Claudine (book series)
Bi MediaWikimedia/Portrait of Colette by Jacques-Émile Blanche, 1905, Museu Nacional d'Art de Catalunya
The Claudine book series (1900–1904) consists of the first four novels published by French author Colette, sold under the pen name of her first husband, Henry Gauthier-Villars. The first three novels adopt the form of a personal diary, while the fourth shifts to the perspective of another character named Annie.
After marrying the significantly younger Colette, Gauthier-Villars, or “Willy”, as he was known, compelled her to draw from personal experiences to write about a fictional ingénue with a similar background to hers, reportedly locking her in a room to force her writing. This resulted in a groundbreaking literary quartet that laid bare the complexities of female and bisexual desire in fin-de-siècle France.

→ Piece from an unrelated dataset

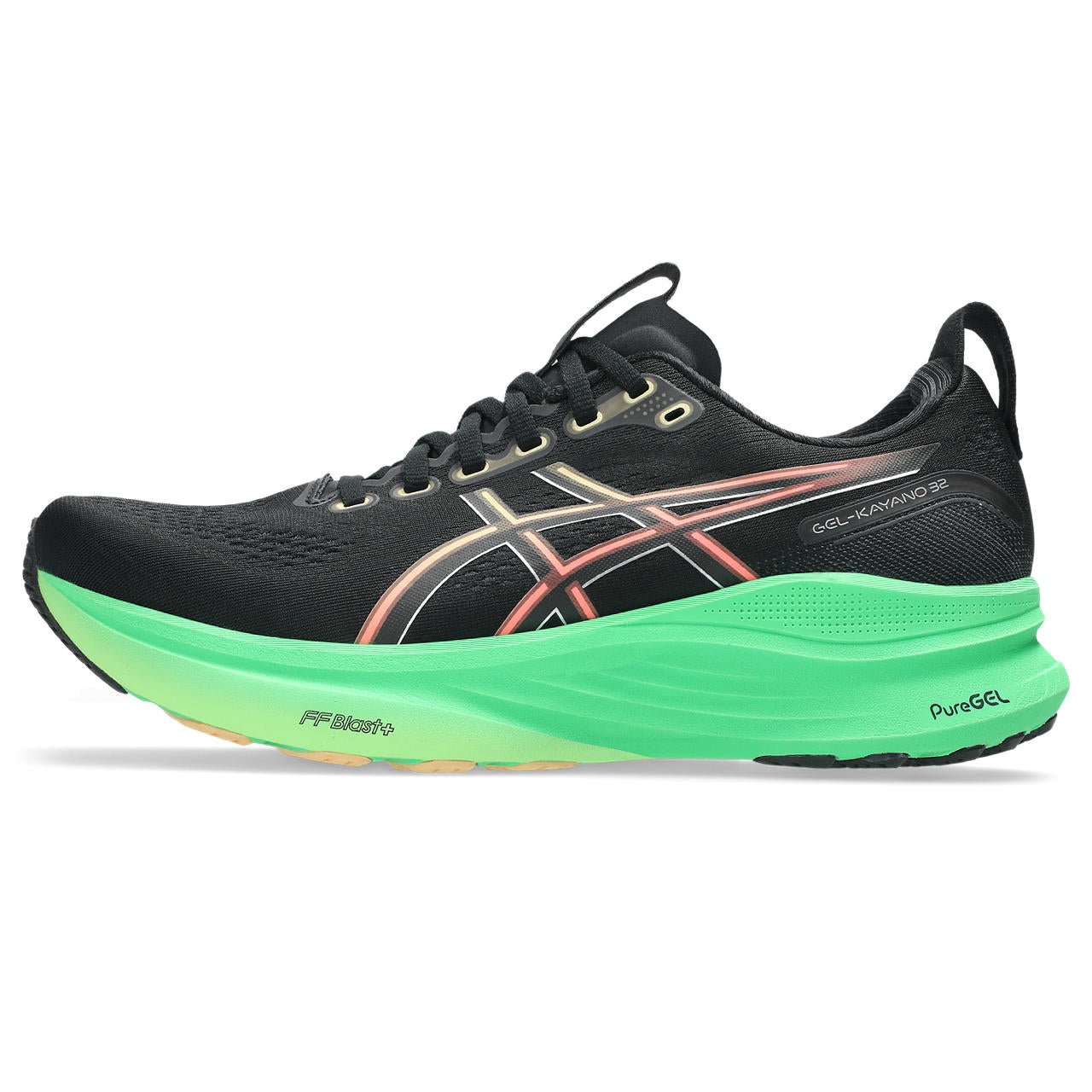 Asics Herrenlaufschuhe Gel-Kayano 32 – Bild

Claudine at School (1900) introduces a 15-year-old Claudine as she begins an affair with her headmistress’s assistant, Miss Aimée Lanthenay. When the headmistress, Miss Sergent, discovers their relationship, she terminates it, only to pursue Aimée herself. Meanwhile, Miss Sergent simultaneously courts the male school superintendent, while Claudine and her classmates, boys and girls, flirt indiscriminately with each other. We also learn that Aimée’s younger sister, Luce, harbors an infatuation with Claudine, too. The novel was very sought after by Parisian readers, becoming an instant sensation.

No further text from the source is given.